Wann kommt Kolumbien zur Ruhe? Gemeindereferentin Ursula Holzapfel und Priester Uli Kollwitz berichten über die aktuelle Situation in dem lateinamerikanischen Land.
Kolumbien zwischen Pazifik und Karibischem Meer. Die Stadt Quibdó liegt südwestlich von Medellin und nördlich von Calí mitten im Dschungel von Kolumbien.
Datum:
26. Juli 2018
Von:
Bischöfliche Pressestelle

Saarbrücken/Bogotá – „Frieden herrscht in Kolumbien noch nicht und ist auch in immer weitere Ferne gerückt“, erklären der aus dem Bistum Köln stammende Priester Ulrich Kollwitz und Gemeindereferentin Ursula Holzapfel aus dem Bistum Trier.
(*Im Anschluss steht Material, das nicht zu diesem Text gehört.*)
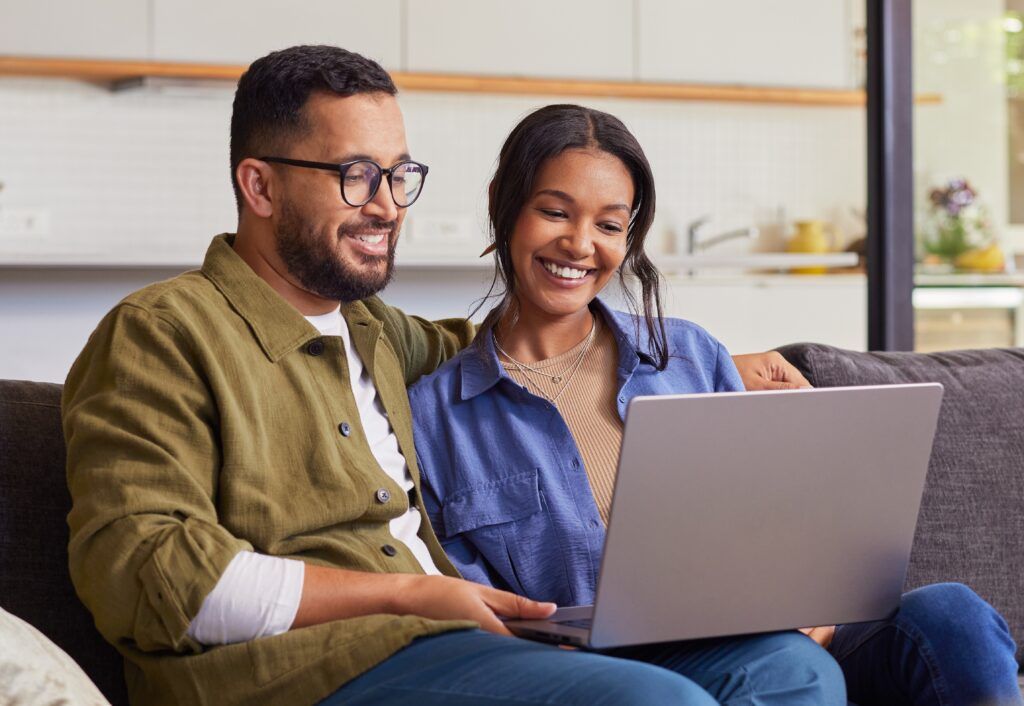 smiling couple sitting on the couch at home on the couch looking at a laptop screen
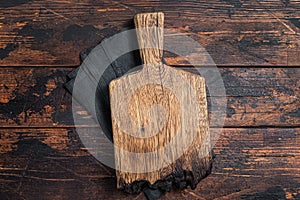 Empty wooden Cutting board over towel on kitchen table, healthy cooking background. Wooden background. Top view. Copy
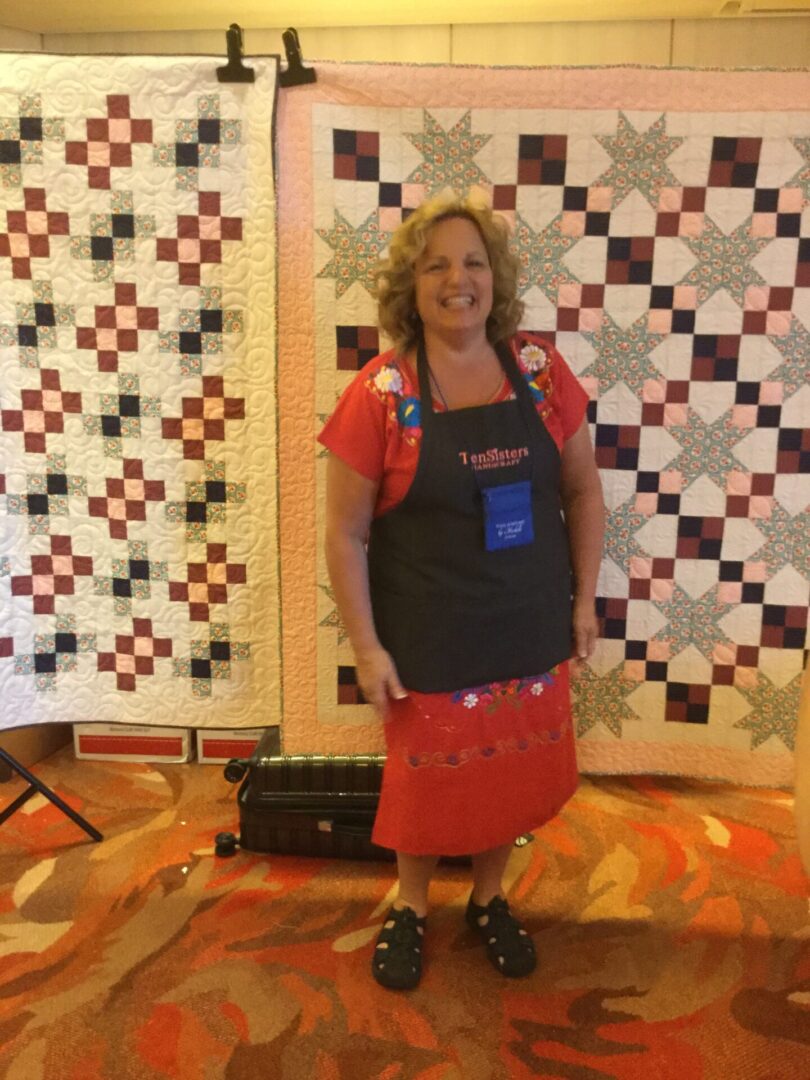 Woman standing in front of two quilts.
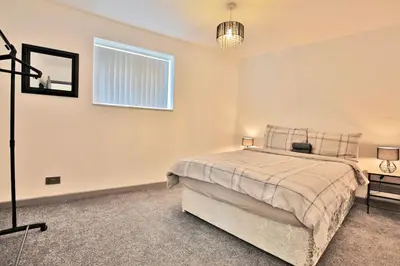 a bedroom with a bed and a window at Freckleton House in Town Centre, near Blackpool, Sleeps 6, Free Parking - By NMB Property in Kirkham
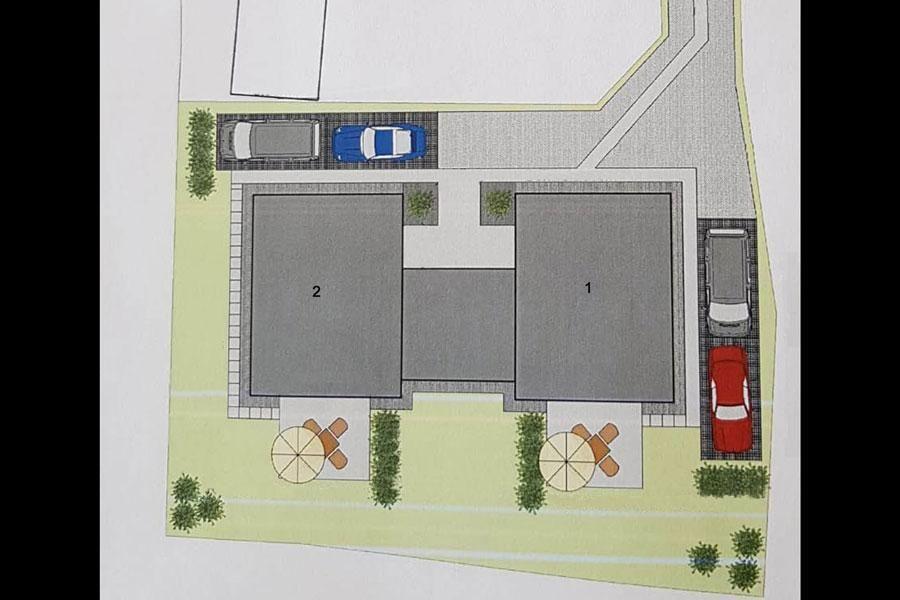 Plan zeigt zwei Gebäude mit Parkplätzen und zwei Gartenbereichen mit Sonnenschirmen.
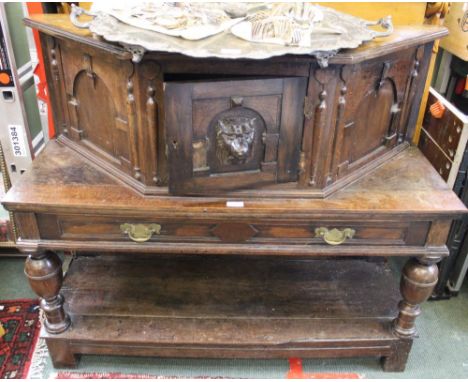 A 19th century oak buffet with cupboard top and draw under tier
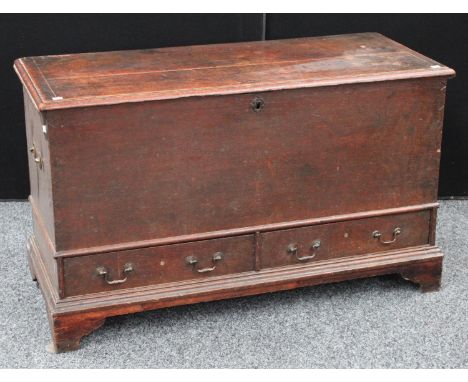 A George III oak mule chest, hinged rectangular top enclosing a vacant interior, above a pair of short drawers, bracket feet,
Sie leben seit mehreren Jahrzehnten in der Stadt Quibdó im Westen Kolumbiens und arbeiten dort in der Menschenrechtskommission der Diözese Quibdó.

Teil ihrer Arbeit ist die Dokumentation von Menschenrechtsverletzungen seitens der Regierung, der verschiedenen Guerilla-Gruppierungen, des Militärs, der Paramilitärischen Einheiten und anderer bewaffneter Gruppen. Als die Kolumbianische Regierung 2016 einen Friedensvertrag mit der größten Guerilla-Gruppe, der Fuerzas Armadas Revolucionarias de Colombia (FARC) unterzeichnete, herrschte die Hoffnung, dass sich Kolumbien auf dem Weg zu einem Ende des seit den 60er Jahren andauernden bewaffneten Konfliktes befinde.
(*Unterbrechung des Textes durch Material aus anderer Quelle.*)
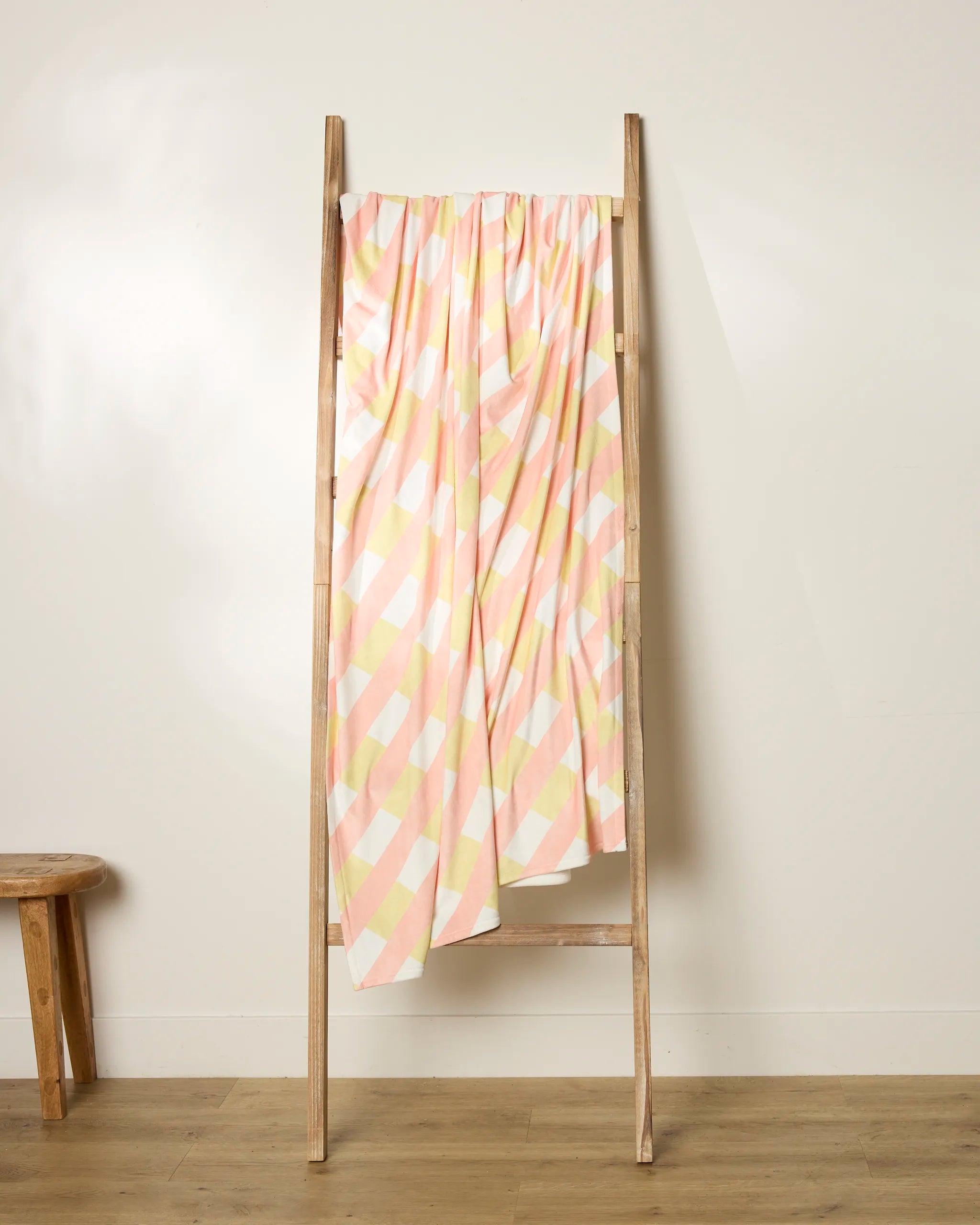 A wooden ladder leans against a white wall, holding Geometry’s Apricot Glow, a pink and white checkered throw blanket made from recycled materials. A small wooden stool rests nearby on the light wood floor.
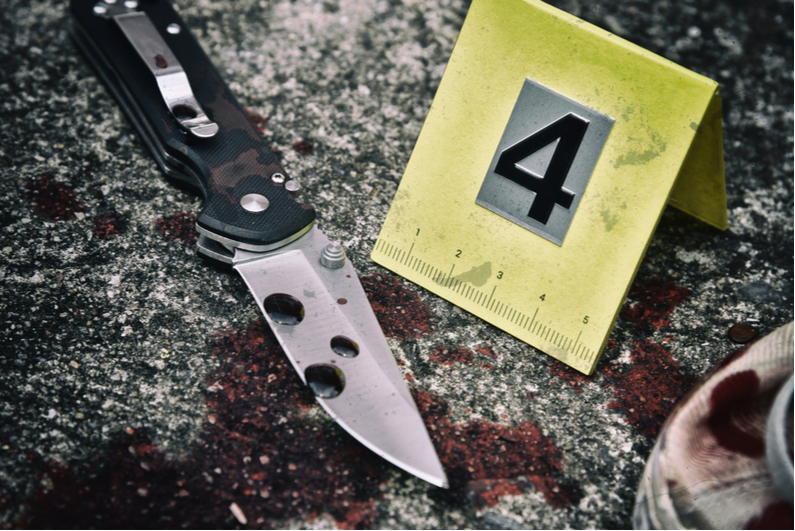 Bloody knife marked as evidence at crime scene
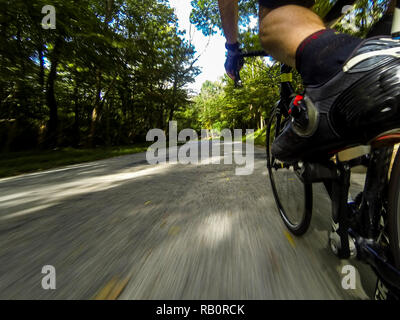 A male cyclist speeding down a hill on a road in Ohio on a road racing bike in the morning DCIM101GOPRO Stock Photo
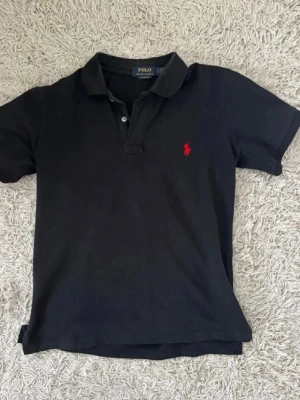  pikétröja från Ralph Lauren - Klassisk  pikétröja från Ralph Lauren med röd broderad logga på bröstet. I jättebra skick utan skador. Passar perfekt till en fräsh outfit i sommar. Storlek S💫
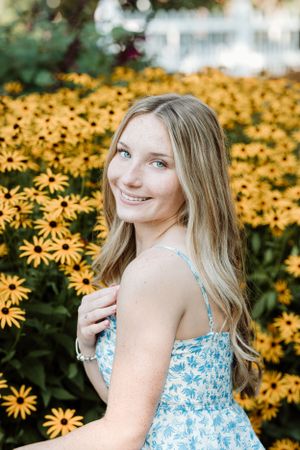 Portrait in a garden with vibrant yellow Black-Eyed Susan flowers in full bloom.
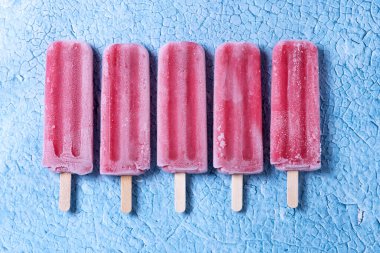 Mavi arka planda çilekli dondurma.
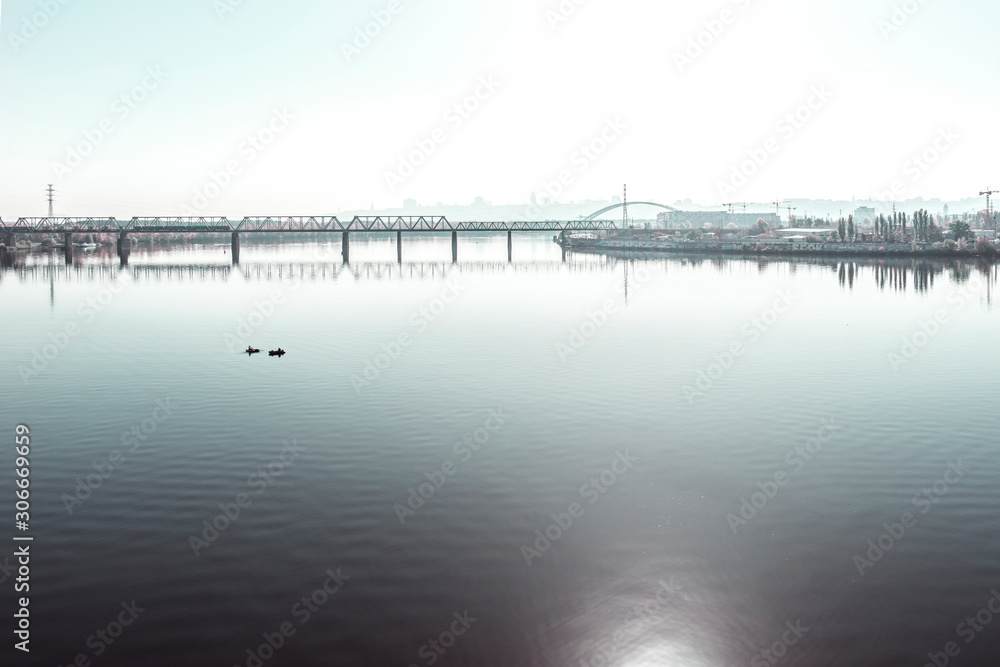 Morning foggy cityscape. The bridge over the Dnieper River, Kyiv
„Voriges Jahr war eine Entspannung und Erleichterung in der Bevölkerung ganz deutlich spürbar“, berichtet Uli Kollwitz und Ursula Holzapfel ergänzt: „Alle Jugendlichen und Leute, die aus ihren Dörfern in die Stadt geflohen waren, weil sie dort bedroht wurden, sind an Weihnachten wieder zurück in ihre Heimatorte gefahren. Es waren richtige Pilgerfahrten; riesige Boote, die sich gefüllt haben und die Leute in ihre Gemeinden gebracht haben. Leute, die schon 20 Jahre nicht mehr in ihrem Dorf waren, sind wieder zurückgekehrt.“ Am 9.Januar endete dann jedoch der beidseitige Waffenstillstand zwischen der letzten verbliebenen Guerilla-Gruppe, dem Ejército de Liberación Nacional (ELN), und der Regierung, die sich ebenfalls in Verhandlungen über einen möglichen Friedensvertrag befinden. „Innerhalb von 14 Tagen waren in den Gebieten, die um Weihnachten herum noch gut zu bereisen waren und die frei von der Präsenz der FARC geworden waren, die ELN oder die Paramilitärs“, so Ursula Holzapfel. Das Resultat waren wieder viele, die aus ihren Dörfern geflohen sind und auch zahlreiche Ermordungen. Dabei sei es auf dem Land im Vergleich zur Stadt noch verhältnismäßig ruhig, erläutert die Gemeindereferentin.

Eine der Aufgaben der Menschenrechtskommission: Sie sammeln Namen der Opfer des bewaffneten Konflikts, um die Taten für jeden sichtbar zu machen.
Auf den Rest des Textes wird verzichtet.